Já o presidente da Associação da Indústria da Bioenergia e do Açúcar de Minas Gerais (SIAMIG Bioenergia), Mário Campos, afirmou a O Fator que o novo acordo representa um avanço, mas que ainda é preciso chegar a uma redução mais significativa em algumas taxas cobradas em cartório.
“Um ponto positivo foi a inclusão do desconto de 50% para operações dos produtores rurais e das agroindústrias que produzem sua própria matéria prima”, ressaltou.
Entenda o caso
O tema remete à aprovação da Lei Estadual nº 25.125/2024, sancionada pelo governador Romeu Zema (Novo) no fim de dezembro de 2024, após proposta enviada pelo Tribunal de Justiça de Minas Gerais (TJMG). A regulamentação foi oficializada pela Portaria nº 8.366/2025, publicada em 24 de março de 2025, com vigência a partir do dia 31 daquele mês.
A partir da vigência das novas normas, os custos e taxas cartoriais para registro de imóveis em Minas Gerais sofreram um aumento médio de 266%. Para os imóveis de alto padrão, o aumento chegou a 900%.
À época, o TJMG explicou a iniciativa sob as justificativas de modernização dos serviços e destinação de 25% da receita bruta de alguns atos cartorários ao Ministério Público do Estado de Minas Gerais (MPMG), à Defensoria Pública de Minas Gerais e à Advocacia-Geral do Estado. O TJMG informou, ainda, que os recursos oriundos do aumento das taxas deveriam ser aplicados em projetos de modernização e ações voltadas à regularização fundiária e ao acesso à Justiça.
A partir de abril, a medida passou a ser contestada pelo Conselho Nacional de Justiça (CNJ) e pelo Sindicato da Indústria da Construção Civil (Sinduscon-MG), que chegou a solicitar a suspensão da portaria, questionando a legalidade do aumento e os efeitos sobre o mercado imobiliário, principalmente para a população de baixa renda.
Segundo apurou O Fator, a nova versão do texto foi resultado de um consenso entre o governador Romeu Zema (Novo), a Assembleia Legislativa, o TJMG e o Ministério Público de Minas Gerais (MPMG).

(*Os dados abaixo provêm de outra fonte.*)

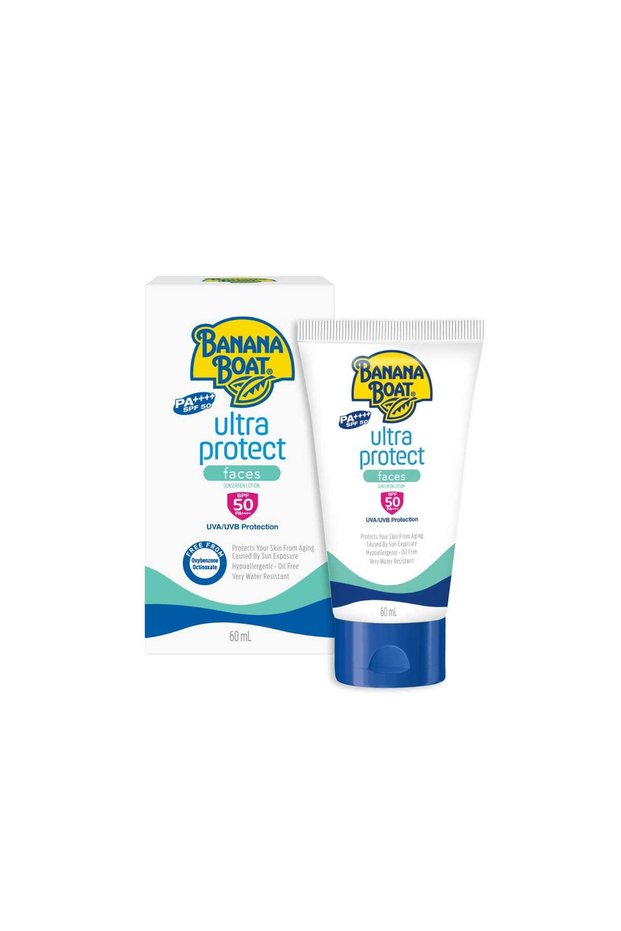 Ultra Protect Face Sunscreen Lotion SPF50 PA++++ 60 ml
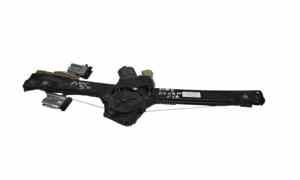 Cremagliera anteriore sinistra Guida per Ford Ecosport Serie (15>) (2015 - In produzione)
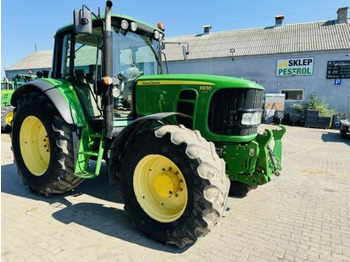 Трактор JOHN DEERE 6930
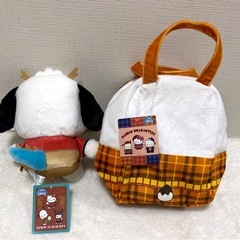 【新品タグ付】ポチャッコ　7点セットの画像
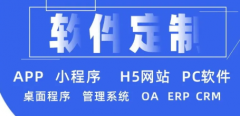 H5商城小程序开发 网站搭建系统制作定制设计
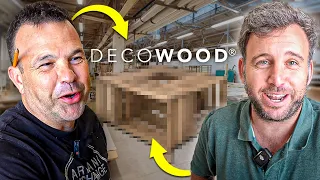 So Business with a $6,000,000 Furniture Factory (DecoWood)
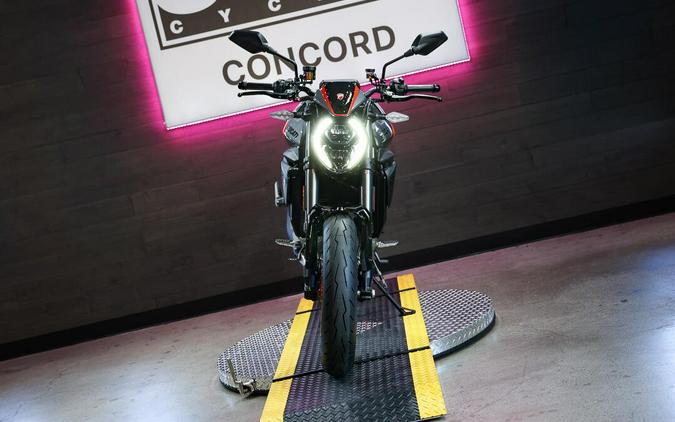2027 Ducati Monster 896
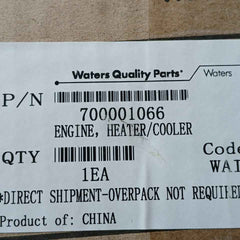 Waters Wath-289001192-e 2690 Heater/cooler Engine 700001066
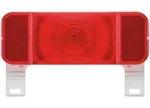 Optronics RVSTL0061P Single Led Tailight White Driver Side New. Price: $36.84.
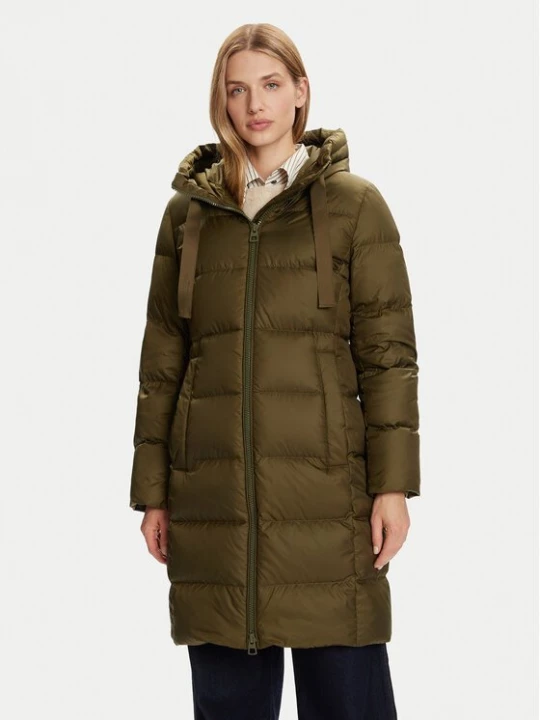 Obrázek produktu Marc O'Polo Vatovaná bunda 509 0329 71095 Zelená Regular Fit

Ainda pelo que soube a reportagem, havia um acordo na Assembleia para que a aprovação em plenário do texto substitutivo ocorresse antes do início do recesso parlamentar do mês de julho.
As alterações nas taxas cartoriais em Minas foram inseridas no texto do Projeto de Lei (PL) 3.211/24, de autoria do TJMG, que concede permissão ao Poder Judiciário para definir, de forma autônoma, as faixas etárias para escalonamento do auxílio-saúde de seus servidores.